Bone forming therapeutic for use in spinal fusion devices and treatment of systemic bone diseases and disorders.
- Current devices for bone grafting procedures require high concentrations of bone morphogenetic protein (BMP) which results in a high cost and create a barrier for routine clinical use.
- Small molecule therapeutics that inhibit noggin (an extracellular inhibitor of BMP) have been identified and could be used locally to promote bone formation.
It is estimated that approximately 2.2 million bone grafting procedures are performed worldwide each year with an estimated cost of these procedures approaching $2.5 billion per year. For spinal fusions, more than 250,000 procedures are performed in the US each year and the bone healing failure rate may be as high as 40%. The iliac crest is often used as a donor site for autologous grafts but there are many complications that can develop from this type of bone graft harvesting including pain, nerve damage, and hematoma. There is also limited supply of iliac bone as well as substantial cost associated with this surgery. Bone morphogenetic proteins (BMP) are being used increasingly in orthopedic surgeries. These small molecules are capable of inducing new bone formation when delivered in the appropriate concentration and on the appropriate scaffold and do not require harvesting bone from remote sites of the patient. The FDA has approved several devices including INFUSETM which is used in spinal surgeries and has yielded over $3 billion in sales since its 2002 FDA approval. The high cost and need for high concentrations of BMP create barriers for routine clinical use so there is a need for other compounds that can substitute or complement the use of BMPs.
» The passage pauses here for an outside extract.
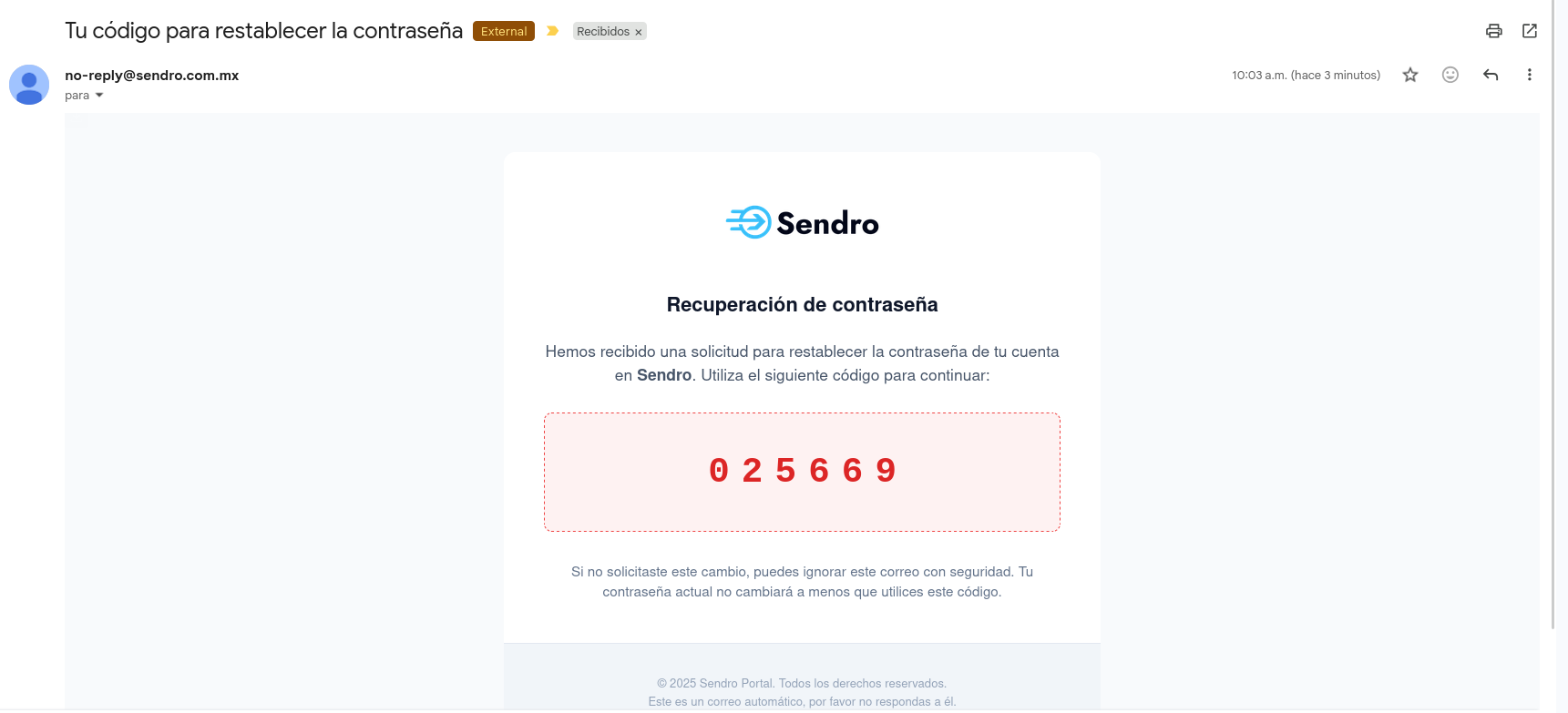 Correo Recibido con Código de Recuperación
Noggin is an extracellular protein that regulates the activity of BMPs by binding them and preventing them from binding their cell surface receptors which is require to initiate the BMP signaling pathway. In addition, Noggin is produced in response to BMP as presumably a part of a negative feedback loop that can limit the effectiveness of exogenously applied BMPs. Interruption of Noggin function should result in increased responsiveness to BMPs and as a result, could be used locally to promote bone and cartilage formation in response to BMP. By inhibiting Noggin, the patient's dose of BMP required may be reduced (thus decreasing local side effects) and perhaps enhance less potent bone inducers to encourage cells to become active osteoblasts without the use of exogenous BMPs. Through an in silico design and screening process, Emory researchers have identified several lead compounds to perform this function. The two lead compounds have shown activity to enhance BMP function in a reporter assay system and in an alkaline phosphatase cell based assay.